Marcel Lubac : tu dis "l’art c’est la vie". Ne crois-tu pas que l’art, c’est dans la tête ?

Jean-Loup Cornilleau : Plutôt que de te parler d’art, j’ai envie qu’on se taise et qu’on aille manger des huîtres au bord de la mer !
Tu me diras, c’est déjà une réponse, puisqu’en effet depuis longtemps j’essaye au quotidien de ne pas différencier ma pratique artistique et mon vécu. Vie et art sont intiment liés. C’est la même balade, la même situation d’aventure, de vagabondage, le même engagement où esthétique et éthique se rejoignent. De deux choses l’une.
Les « œuvres » que je donne à voir sont davantage le résultat d’un art de vivre que d’un art de faire. Elles sont au plus proche de la fluidité de la vie avec ses moments d’intensité fragile. La vie, l’art, entre l’éblouissement et la révolte.
Le « monde de l’art » se veut souvent un art de produire, moi ce qui m’intéresse c’est un art de vire ! Je remarque au passage qu’il est plus juste d’apprendre à vivre que d’apprendre l’art ! Etre, est-ce saint François d’Assise ou Bibi Fricotin ? J’aime l’art des Marx Brothers, on seulement celui de Groucho, Harpo et Chico mais aussi celui du quatrième qui « n’a rien fait » et dont j’ai même oublié le nom.
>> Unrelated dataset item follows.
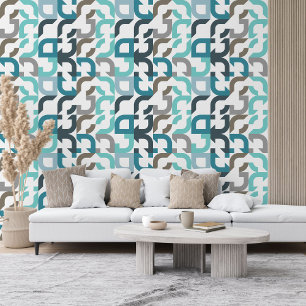 Funky Teal Blue Brown Grey Retro Art Pattern Wallpaper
Récemment, j’ai trouvé dans un dictionnaire un proverbe relevé en 1821 par La Mésangère : « l’art est de cacher l’art. »
Ta question me fait penser aussi à une phrase de Fernando Pessoa qui dit : « Dans la vie la seule réalité est la sensation, dans l’art la seule réalité est la conscience de la sensation. » Ceci me permet de répondre à la deuxième partie de ta question – l’art c’est dans la tête – qui amène pour moi la question du rapport entre réel et représentation.
Le réel du Tour de France, qu’est-ce que c’est ? Est-ce le vécu des coureurs qui pédalent, celui de la caravane publicitaire qui vend, celui des spectateurs qui crient au bord de la route, celui des téléspectateurs, celui des commentateurs sportifs qui cirent aussi ou celui de Roland Barthes qui écrit « le Tour de France comme épopée » ? (Je remarque tout à coup que Roland Barthes, ça colle bien comme nom de coureur cycliste !).
Je suis d’accord avec toi, l’art est une pensée, une conceptualisation et une vision du monde. Et le réel ?
Si nous étions allés manger des huîtres au lieu de blablater, le restaurant serait là, mais nous serions dans deux restaurants différents, la mer devant nous mais pas la même. Malgré la grande baie vitrée, peut-être n’existerait-elle pas, si pour une raison ou pour une autre nous n’étions pas en état de recevoir le paysage. Le réel aussi est cosa mentale.
Un verre d’eau dans le désert est-ce : un plaisir fou ? un mirage ? une inutilité agricole ? un geste mécanique ? une œuvre d’art ?
Parfois pourtant, j’envie ceux que j’imagine être dans la vie en prise directe, sans représentation : les « imbéciles heureux », les simples ». Entre Prof et Simplet mon choix de nain est fait ! Je t’ai déjà dit en plaisantant (mais est-ce une plaisanterie ?) que je rêvais de me recycler en idiot de village.
L’idiot de village est présent, il fait partie du village, il est aussi seul. Admis, admiré, envié, troublant et faisant peur.
Quand j’étais petit enfant, quelle force donne cet état d’innocence qui permet à la vue d’une étiquette de camembert représentant un paysan tenant dans sa main un camembert avec une étiquette représentant un paysan tenant dans da main un camembert avec une étiquette représentant un paysan tenant dans sa main… de rencontrer, de sentir, de vivre la notion d’infini.
Quelle force donne cet état d’innocence qui m’avait permis étant gosse, non pas de rencontrer Dieu (!) mais d’être surpris, interloqué et de rencontrer, de sentir, de vivre la notion de mystère, quand assis en culotte courte sur le perron de la maison, rêvassant en regardant ma cuisse nue où l’instant d’après apparaissait subitement sur le vide lisse de la peau, une petite masse ronde indéfinie venue de je ne ais où. C’était – en réalité è un caca d’oiseau venu d’en haut…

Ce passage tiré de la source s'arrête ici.